2. M. A... C..., ressortissant camerounais né le 3 mai 1975 à Yaoundé (Cameroun), est entré en France le 11 octobre 1999 selon ses déclarations. Par un jugement du 11 mai 2012, la cour d'assises du Nord a condamné l'intéressé à une peine de huit ans d'emprisonnement pour avoir commis, dans la nuit du 28 au 29 janvier 2010, un acte de pénétration sexuelle, de quelque nature qu'il soit, par violence, contrainte, menace ou surprise. La fin de peine est intervenue le 10 décembre 2015. Par un arrêté du 20 novembre 2015, le préfet du Pas-Calais a prononcé l'expulsion de M. C... sur le fondement de l'article L. 521-1 du code de l'entrée et du séjour des étrangers et du droit d'asile, au motif que sa présence sur le territoire français constituait une menace grave pour l'ordre public. Par un arrêt du 6 juillet 2017, devenu définitif, la cour administrative d'appel de Douai a annulé le jugement du 29 février 2016 par lequel le tribunal administratif de Lille avait annulé cet arrêté et rejeté la demande de M. C.... Le 3 novembre 2020, M. C... a sollicité du préfet du Pas-de-Calais l'abrogation de cet arrêté, dans le cadre de la procédure de réexamen prévue par l'article L. 524-2, alors en vigueur, du code de l'entrée et du séjour des étrangers et du droit d'asile. A la suite du rejet de cette demande par une décision implicite, le juge des référés du tribunal administratif de Lille a, par une ordonnance du 13 juillet 2021, ordonné, sur le fondement de l'article L. 521-1 du code de justice administrative, la suspension de l'exécution de cette décision implicite et a enjoint au préfet du Pas-de-Calais de procéder au réexamen de la situation de M. C.... Dans le cadre de ce réexamen, cette autorité a, par une décision du 26 juillet 2021, refusé d'abroger l'arrêté du 20 novembre 2015. Par la requête enregistrée sous le n° 22DA01164, le préfet du Pas-de-Calais relève appel du jugement du 18 mai 2022 par lequel le tribunal administratif de Lille, d'une part, a annulé cette décision et, d'autre part, lui a enjoint d'abroger l'arrêté du 20 novembre 2015 dans le délai d'un mois à compter de la date de notification dudit jugement. Par la requête enregistrée sous le n° 22DA01163, le préfet du Pas-de-Calais demande à la cour de prononcer le sursis à exécution de ce jugement.
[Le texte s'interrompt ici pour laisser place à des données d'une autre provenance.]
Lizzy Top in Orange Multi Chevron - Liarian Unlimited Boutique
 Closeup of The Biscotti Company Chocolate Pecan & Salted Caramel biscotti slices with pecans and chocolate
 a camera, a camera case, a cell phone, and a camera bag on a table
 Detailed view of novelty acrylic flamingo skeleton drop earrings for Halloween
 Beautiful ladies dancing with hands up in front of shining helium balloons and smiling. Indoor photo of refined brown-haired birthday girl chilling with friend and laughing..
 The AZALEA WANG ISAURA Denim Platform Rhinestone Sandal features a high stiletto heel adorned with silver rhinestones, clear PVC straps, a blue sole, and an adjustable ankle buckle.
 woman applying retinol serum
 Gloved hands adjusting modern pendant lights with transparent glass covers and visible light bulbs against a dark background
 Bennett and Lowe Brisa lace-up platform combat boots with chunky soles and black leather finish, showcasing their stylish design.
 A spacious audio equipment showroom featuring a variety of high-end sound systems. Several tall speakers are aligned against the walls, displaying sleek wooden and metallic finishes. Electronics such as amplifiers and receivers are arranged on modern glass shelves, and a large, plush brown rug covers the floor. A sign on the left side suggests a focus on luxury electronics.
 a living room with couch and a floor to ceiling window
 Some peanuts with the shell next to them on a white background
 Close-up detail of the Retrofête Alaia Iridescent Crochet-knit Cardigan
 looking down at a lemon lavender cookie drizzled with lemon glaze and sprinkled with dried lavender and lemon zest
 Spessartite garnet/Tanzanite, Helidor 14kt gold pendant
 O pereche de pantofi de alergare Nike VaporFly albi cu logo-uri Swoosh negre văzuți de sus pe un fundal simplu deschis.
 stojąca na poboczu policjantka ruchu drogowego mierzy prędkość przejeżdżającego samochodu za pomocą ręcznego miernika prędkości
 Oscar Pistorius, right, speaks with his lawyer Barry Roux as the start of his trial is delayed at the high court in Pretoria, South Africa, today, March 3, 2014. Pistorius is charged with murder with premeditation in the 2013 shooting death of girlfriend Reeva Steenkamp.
Sur la demande d'annulation du jugement attaqué :
3. Aux termes de l'article L. 632-6 du code de l'entrée et du séjour des étrangers et du droit d'asile : " Sans préjudice des dispositions des articles L. 632-3 et L. 632-4, les motifs de la décision d'expulsion donnent lieu à un réexamen tous les cinq ans à compter de sa date d'édiction. L'autorité compétente tient compte de l'évolution de la menace pour l'ordre public que constitue la présence de l'intéressé en France, des changements intervenus dans sa situation personnelle et familiale et des garanties de réinsertion professionnelle ou sociale qu'il présente, en vue de prononcer éventuellement l'abrogation de cette décision. L'étranger peut présenter des observations écrites. / A défaut de notification à l'intéressé d'une décision explicite d'abrogation dans un délai de deux mois, ce réexamen est réputé avoir conduit à une décision implicite de ne pas abroger. Cette décision est susceptible de recours. Le réexamen ne donne pas lieu à consultation de la commission mentionnée à l'article L. 632-1. ". Il appartient au juge de l'excès de pouvoir, lorsqu'il est saisi d'un moyen en ce sens à l'appui d'un recours dirigé contre le refus d'abroger une mesure d'expulsion, de rechercher si les faits sur lesquels l'autorité administrative s'est fondée pour estimer que la présence en France de l'intéressé constituait toujours, à la date à laquelle elle s'est prononcée, une menace pour l'ordre public, sont de nature à justifier légalement que la mesure d'expulsion ne soit pas abrogée.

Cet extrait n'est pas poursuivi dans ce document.